Since we all know that value of thing depends on it’s costs of production there is no space for excessive profit.

Just kidding :)

quasibill October 24, 2006 at 7:28 am

AJ,

I was going to post a similar comment, but you hit the nail on the head. The only point you left out was the inevitable loser in the cycle will be the taxpayer, as the government has a history of bailing out banks (“for the good of the economy”) on the back side of the boom. They did in the Depression, and they did after the S&L bust. I’m sure there have been other, smaller bailouts along the way too.

So don’t feel too bad for those banks – they take those stupid risks because they know they won’t be left holding the bag.

L.Baggiani (MV=PQ) October 24, 2006 at 4:03 pm

Mr Hoffer,

yes, you’re taking the post too literally and I surely have put it too straight: I am surely not saying that speculators (and flippers are speculators) stabilize the market at all (e.g. like Friedman said). My opinion is that in “normal” periods they make the market more liquid than otherwise, and this allows smoother working.

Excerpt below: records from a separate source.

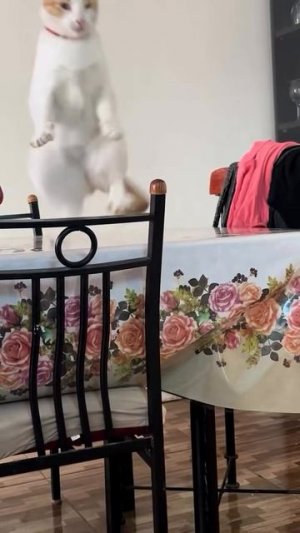 Выстрелил и был таков!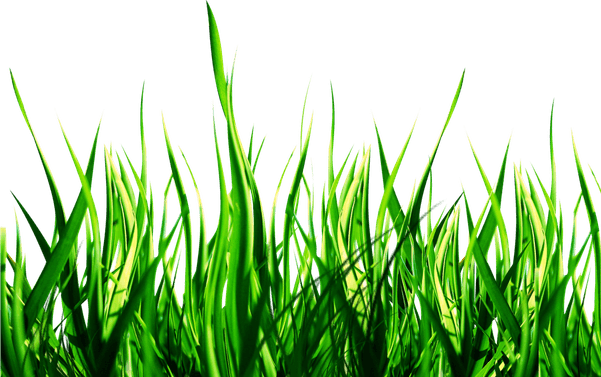 Picsart Forest PNG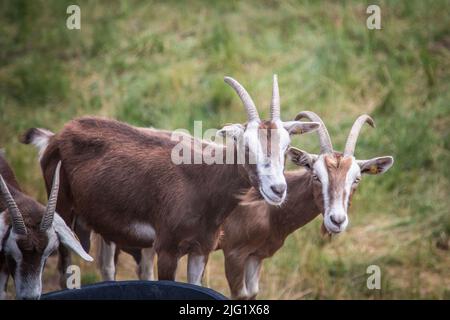 Eine Herde Togggenburger Ziegen, eine Milchziege aus der Schweiz Stockfoto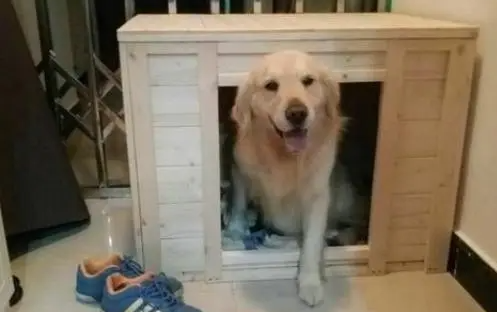 冬天狗窝里面铺什么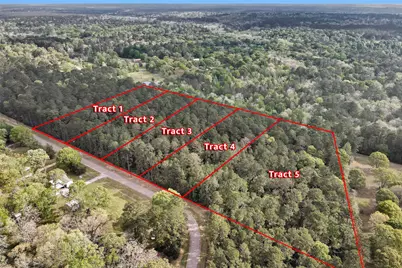 Tbd- Tr1 Cedar Lane Loop, Willis, TX 77378 - Photo 3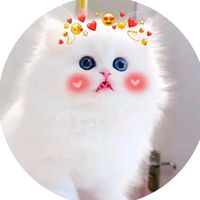 l...lotika...l
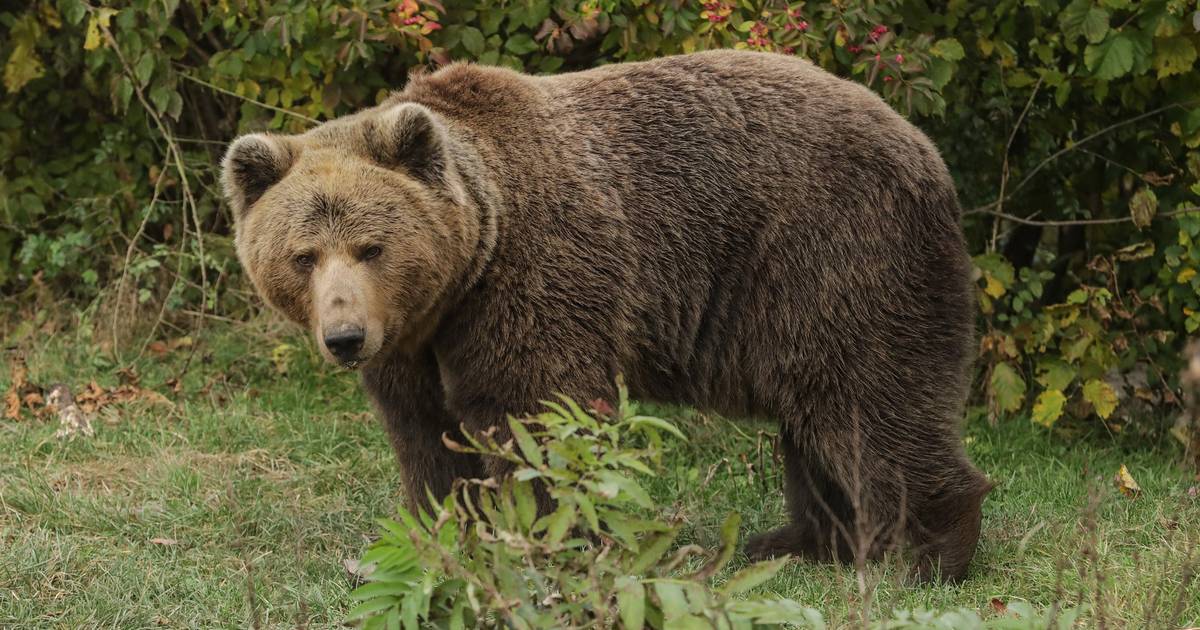 Žene pitali ‘bi li radije zaglavile u šumi s medvjedom ili nekim muškarcem?’ Odgovor šokira Žene pitali ‘bi li radije zaglavile u šumi s medvjedom ili nekim muškarcem?’ Odgovor šokira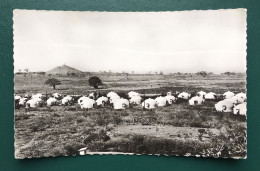 Maisons Ballon Et Le Phare Des Mamelles, Ed Cerbelot, N° 1042 - Sénégal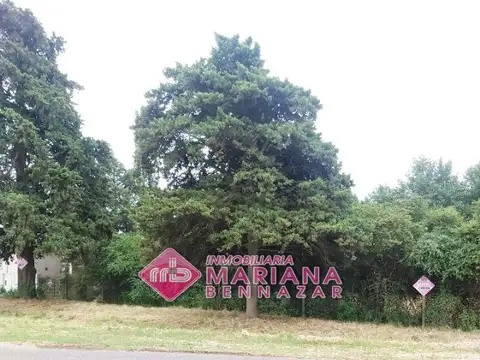 Camino Villa Jardin 1000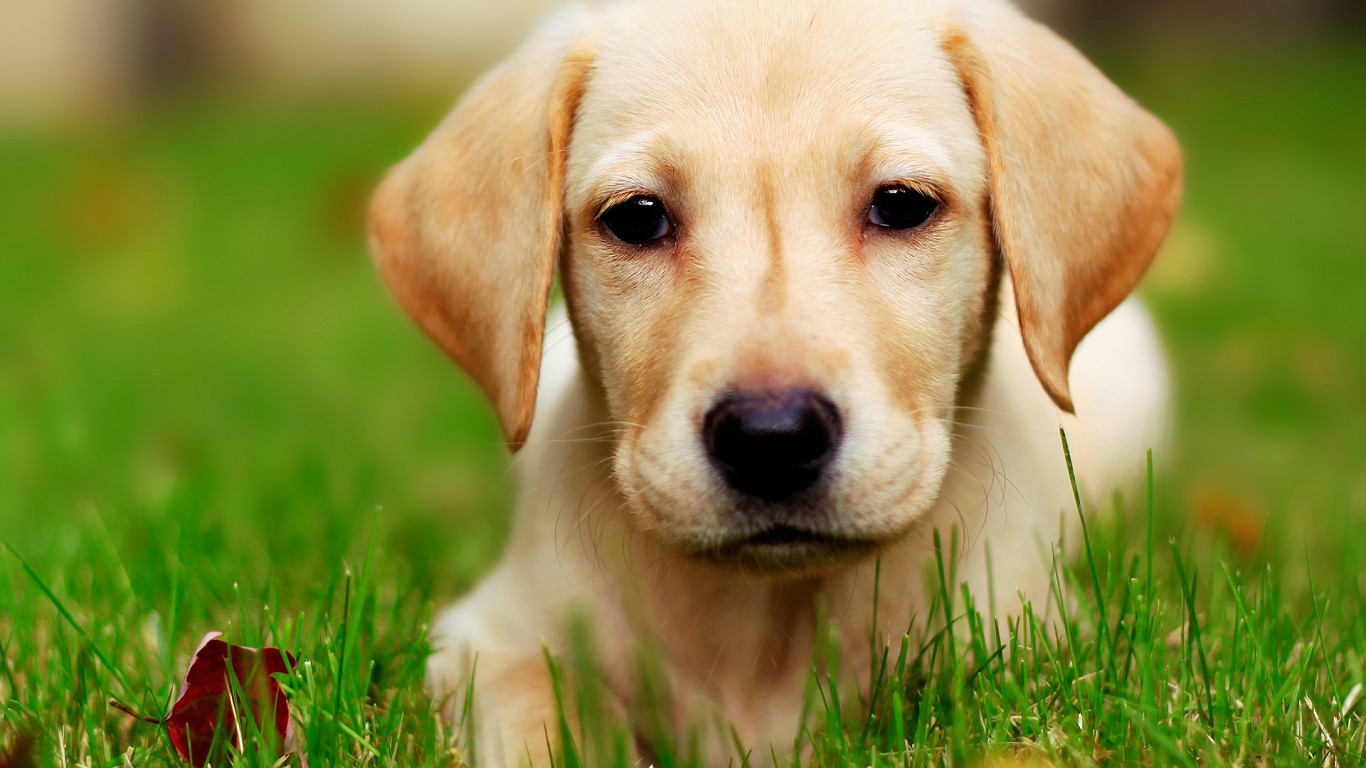 Best New Cute Puppies Wallpapers Free Download HD For iPhone ...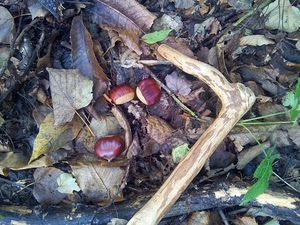castagne, foglie, bastone, bosco, tre, legno, autunno, ramo, frutti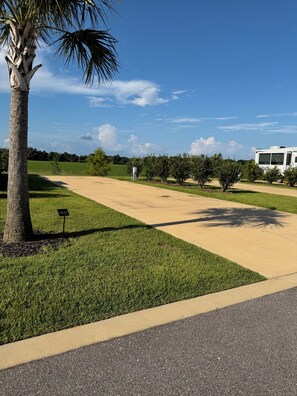 A residential area with a paved driveway, a palm tree, and a white RV parked on the side.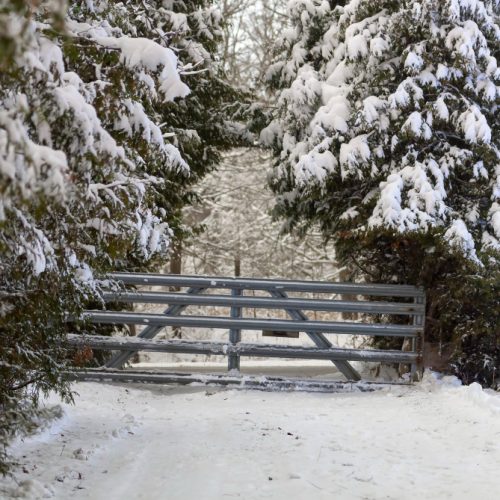 picture of tree and a fence at the center under snow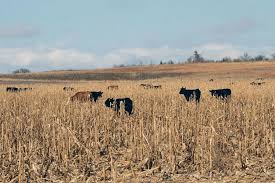 Montana Farmers Union president delivers testimony to House Agriculture  Committee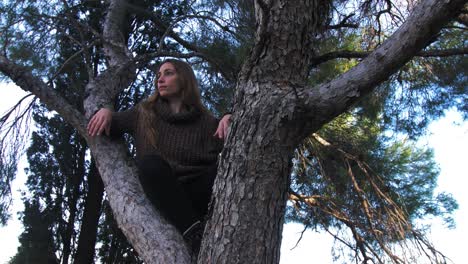 woman sitting in a tree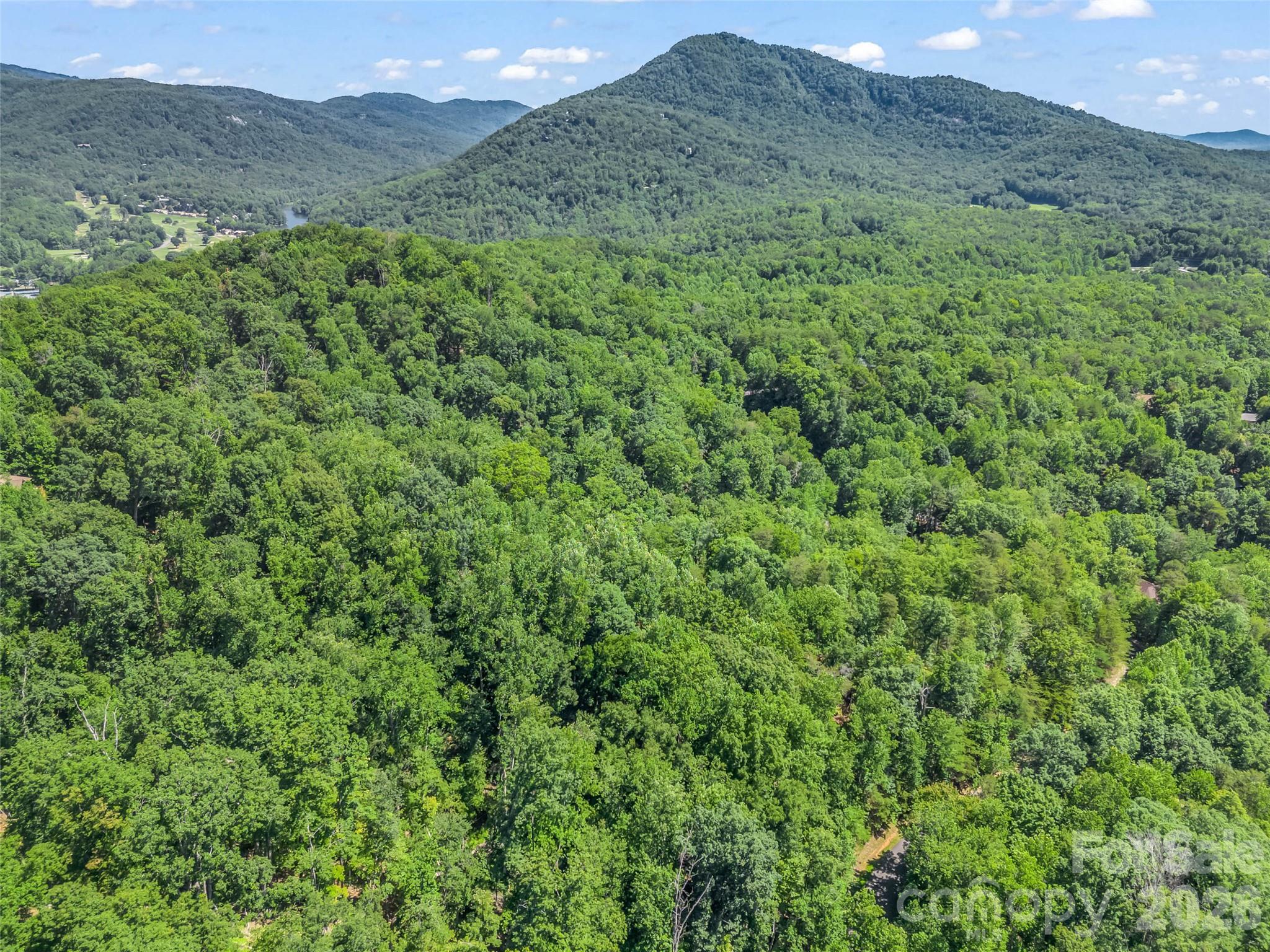 0 Hawks Nest Trail 31 Property Photo 21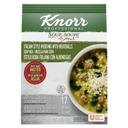 Single Knorr Professional Soup du Jour Italian Style Wedding with Meatballs Soup Mix, 18.2 Ounce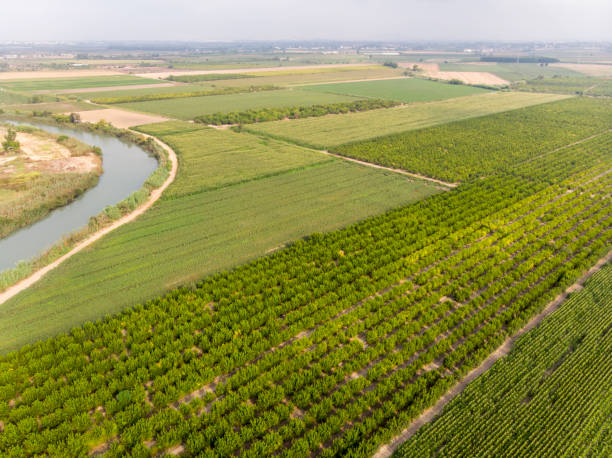 istock Farmland, aerial view 1181418521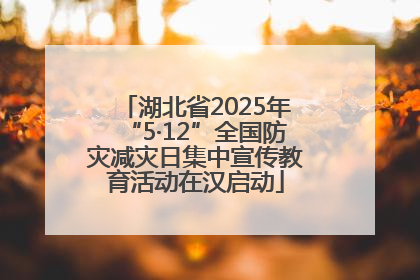 湖北省2025年“5·12”全国防灾减灾日集中宣传教育活动在汉启动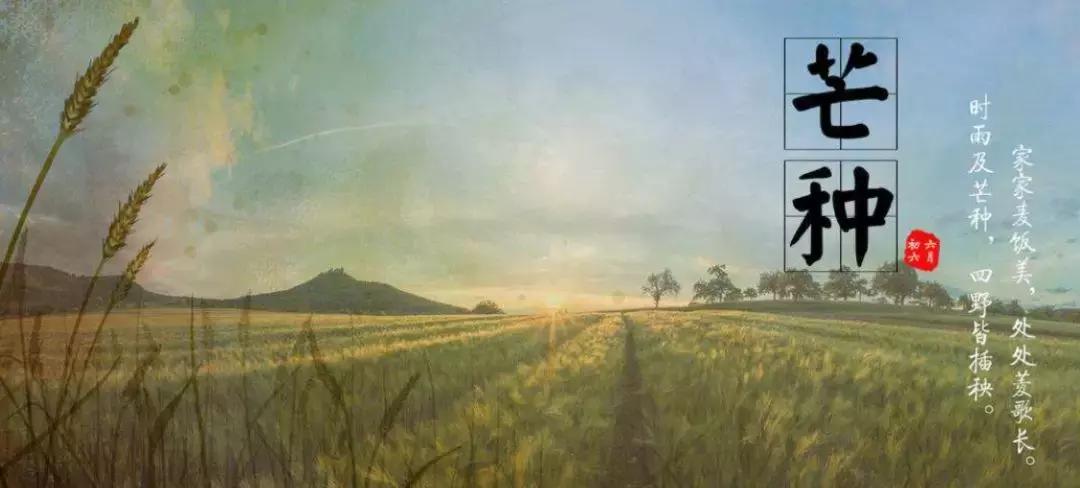 马未都说观复猫,马未都的观复猫视频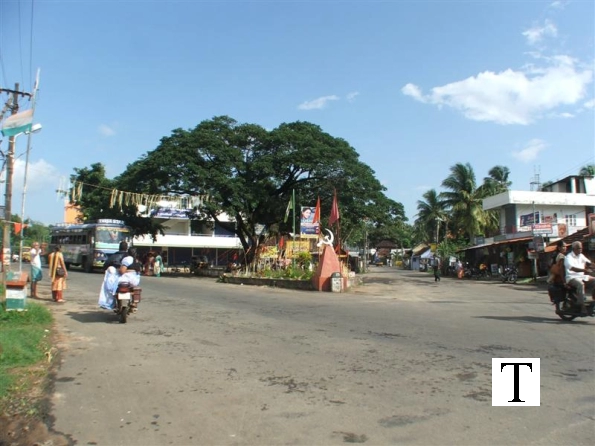 mettupalayam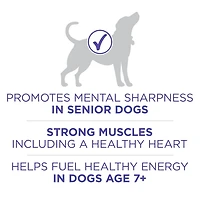 Purina ONE SmartBlend Vieillir en Santé 7+ Poulet, Nourriture Sèche pour Chiens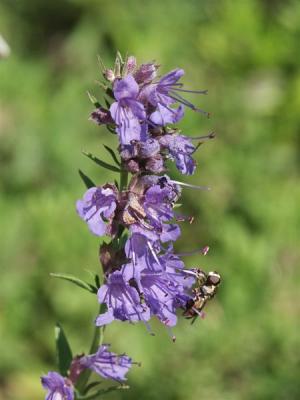 Apotheker-Ysop - Hyssopus officinalis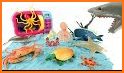 Fish & Sea Animals Puzzles related image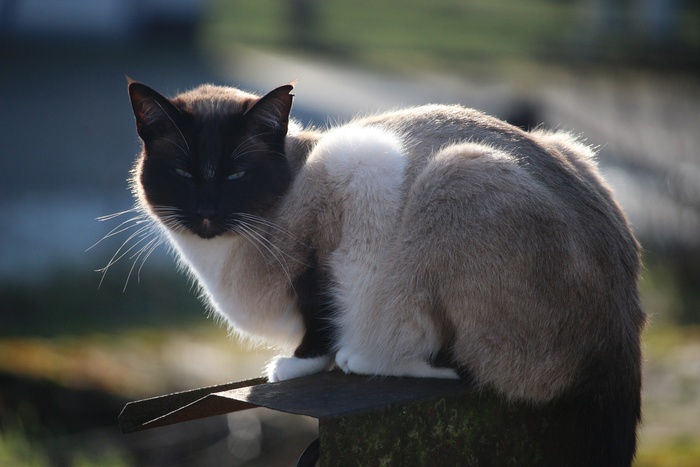 猫流浪猫野猫山猫动物猫仔设计素材小猫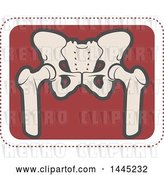 Vector Clip Art of Retro Flat Styled Tan and Red Human Pelvis Medical Design by Vector Tradition SM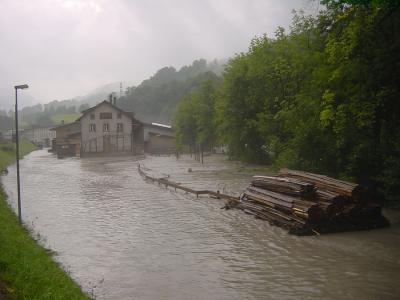 v3/49/60549/3/48346143.Hochwasser23.08.05012.jpg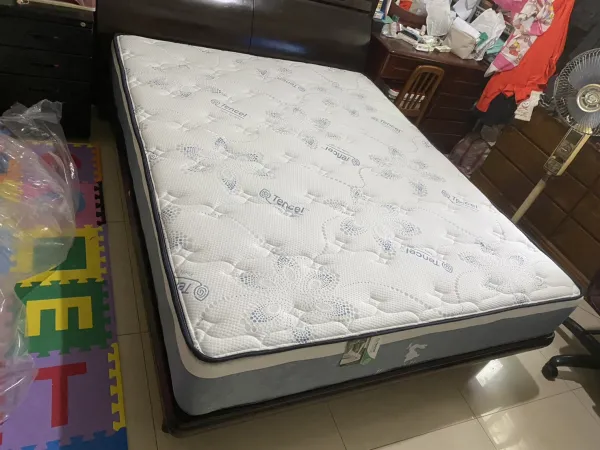 新北市板橋區-桔梗5尺-天絲布乳膠硬式獨立筒床墊-長輩推薦床款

“Frenzy”, with huge price bubbles and sudden deep falling in prices, is another matter; it occurs both with or without “market makers”, and this is a subject still to be completely explained. But unless you think that everyone in the market is crazy all the time, we can surely distinguish a normally working market from a frenzied one.

Please note I mentioned the NYSE: do you really think I am not aware of its chilling up’s and down’s who occur from time to time? I just wanted to say, that we can find in flippers a housing-”alter ego” for market-makers, surely unaware of their role but never the less doing this (by the way, is not the Austrian school who says that anyone plays a role in developing the economy through simply pursuing his own interest, companies included?).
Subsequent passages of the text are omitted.